TASK REQUIREMENTS ::
Both the line below containing "Reptile Food Dish" and the line containing "171dtfqordwz9x15fy7q.jpg", along with every line between them, should be repeated exactly; no other line belongs in the answer.

(EXERCISE INPUTS Opens)

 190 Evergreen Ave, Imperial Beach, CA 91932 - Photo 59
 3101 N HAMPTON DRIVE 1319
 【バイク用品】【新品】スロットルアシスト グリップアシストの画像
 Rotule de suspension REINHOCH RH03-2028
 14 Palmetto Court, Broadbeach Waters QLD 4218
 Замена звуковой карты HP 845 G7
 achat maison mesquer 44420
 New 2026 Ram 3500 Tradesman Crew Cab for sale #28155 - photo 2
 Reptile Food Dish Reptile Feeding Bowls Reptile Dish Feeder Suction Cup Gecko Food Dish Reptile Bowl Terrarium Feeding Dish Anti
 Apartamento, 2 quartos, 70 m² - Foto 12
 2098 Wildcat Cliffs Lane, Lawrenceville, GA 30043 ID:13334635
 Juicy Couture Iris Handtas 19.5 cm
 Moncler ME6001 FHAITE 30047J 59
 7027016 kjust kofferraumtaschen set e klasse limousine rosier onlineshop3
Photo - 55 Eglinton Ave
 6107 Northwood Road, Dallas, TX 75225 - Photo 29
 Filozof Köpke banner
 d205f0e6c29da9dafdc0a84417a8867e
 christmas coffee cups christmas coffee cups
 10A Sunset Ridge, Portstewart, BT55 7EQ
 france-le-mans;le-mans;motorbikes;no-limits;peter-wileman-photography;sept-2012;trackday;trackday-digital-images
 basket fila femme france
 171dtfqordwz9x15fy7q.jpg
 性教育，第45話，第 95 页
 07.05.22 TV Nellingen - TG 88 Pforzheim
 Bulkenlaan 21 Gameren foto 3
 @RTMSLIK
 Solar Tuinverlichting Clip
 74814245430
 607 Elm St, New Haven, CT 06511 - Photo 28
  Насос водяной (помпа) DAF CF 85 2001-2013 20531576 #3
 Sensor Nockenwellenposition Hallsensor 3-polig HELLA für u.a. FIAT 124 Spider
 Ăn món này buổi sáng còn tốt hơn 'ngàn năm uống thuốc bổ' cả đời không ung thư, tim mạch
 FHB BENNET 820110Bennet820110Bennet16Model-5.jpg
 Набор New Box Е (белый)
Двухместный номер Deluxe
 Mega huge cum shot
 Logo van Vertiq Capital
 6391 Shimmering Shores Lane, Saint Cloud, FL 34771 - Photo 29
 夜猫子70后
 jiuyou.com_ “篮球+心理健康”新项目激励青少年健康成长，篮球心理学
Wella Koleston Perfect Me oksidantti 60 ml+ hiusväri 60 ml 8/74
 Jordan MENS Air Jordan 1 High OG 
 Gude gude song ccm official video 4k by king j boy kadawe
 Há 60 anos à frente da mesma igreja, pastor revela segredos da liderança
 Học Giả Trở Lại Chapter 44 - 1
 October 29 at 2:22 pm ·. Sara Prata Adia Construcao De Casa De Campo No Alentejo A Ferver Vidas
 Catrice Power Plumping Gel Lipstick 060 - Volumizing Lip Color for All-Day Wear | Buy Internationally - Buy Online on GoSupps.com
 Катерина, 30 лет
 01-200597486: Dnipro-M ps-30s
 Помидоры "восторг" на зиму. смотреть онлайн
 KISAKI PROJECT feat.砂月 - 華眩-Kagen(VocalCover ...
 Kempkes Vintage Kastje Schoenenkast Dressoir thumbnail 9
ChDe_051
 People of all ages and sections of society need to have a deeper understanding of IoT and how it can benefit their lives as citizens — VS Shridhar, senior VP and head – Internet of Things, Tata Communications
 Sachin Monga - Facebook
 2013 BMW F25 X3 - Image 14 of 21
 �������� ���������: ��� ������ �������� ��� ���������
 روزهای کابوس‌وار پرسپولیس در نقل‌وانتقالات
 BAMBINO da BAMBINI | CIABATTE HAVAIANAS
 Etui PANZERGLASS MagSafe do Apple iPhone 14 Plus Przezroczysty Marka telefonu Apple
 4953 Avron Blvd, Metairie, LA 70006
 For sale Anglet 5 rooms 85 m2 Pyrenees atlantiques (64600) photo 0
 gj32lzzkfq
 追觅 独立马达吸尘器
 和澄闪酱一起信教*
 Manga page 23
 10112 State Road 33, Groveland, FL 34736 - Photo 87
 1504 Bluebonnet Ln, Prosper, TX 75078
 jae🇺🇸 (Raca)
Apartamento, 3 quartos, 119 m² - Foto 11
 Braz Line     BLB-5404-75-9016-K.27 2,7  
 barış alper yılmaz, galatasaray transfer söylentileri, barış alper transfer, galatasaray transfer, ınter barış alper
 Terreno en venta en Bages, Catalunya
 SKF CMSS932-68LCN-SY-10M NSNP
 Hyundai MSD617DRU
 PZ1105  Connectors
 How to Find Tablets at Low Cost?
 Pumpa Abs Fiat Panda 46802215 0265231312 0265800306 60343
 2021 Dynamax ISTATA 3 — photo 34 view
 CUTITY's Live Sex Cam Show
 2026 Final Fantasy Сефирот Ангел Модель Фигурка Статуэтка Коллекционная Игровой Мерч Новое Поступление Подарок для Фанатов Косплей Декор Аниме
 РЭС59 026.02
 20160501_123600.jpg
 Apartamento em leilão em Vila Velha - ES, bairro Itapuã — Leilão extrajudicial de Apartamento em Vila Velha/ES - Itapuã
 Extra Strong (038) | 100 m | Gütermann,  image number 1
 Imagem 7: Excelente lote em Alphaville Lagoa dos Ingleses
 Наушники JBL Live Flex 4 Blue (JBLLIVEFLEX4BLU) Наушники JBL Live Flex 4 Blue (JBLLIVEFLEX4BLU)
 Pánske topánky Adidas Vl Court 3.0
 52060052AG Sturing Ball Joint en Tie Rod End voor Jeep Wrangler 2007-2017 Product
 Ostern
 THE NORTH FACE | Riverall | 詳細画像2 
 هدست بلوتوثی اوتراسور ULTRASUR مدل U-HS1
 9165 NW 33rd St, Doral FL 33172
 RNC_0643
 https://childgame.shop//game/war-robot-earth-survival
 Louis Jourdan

(EXERCISE INPUTS Closes)

WRITTEN SOLUTION ::
 Reptile Food Dish Reptile Feeding Bowls Reptile Dish Feeder Suction Cup Gecko Food Dish Reptile Bowl Terrarium Feeding Dish Anti
 Apartamento, 2 quartos, 70 m² - Foto 12
 2098 Wildcat Cliffs Lane, Lawrenceville, GA 30043 ID:13334635
 Juicy Couture Iris Handtas 19.5 cm
 Moncler ME6001 FHAITE 30047J 59
 7027016 kjust kofferraumtaschen set e klasse limousine rosier onlineshop3
Photo - 55 Eglinton Ave
 6107 Northwood Road, Dallas, TX 75225 - Photo 29
 Filozof Köpke banner
 d205f0e6c29da9dafdc0a84417a8867e
 christmas coffee cups christmas coffee cups
 10A Sunset Ridge, Portstewart, BT55 7EQ
 france-le-mans;le-mans;motorbikes;no-limits;peter-wileman-photography;sept-2012;trackday;trackday-digital-images
 basket fila femme france
 171dtfqordwz9x15fy7q.jpg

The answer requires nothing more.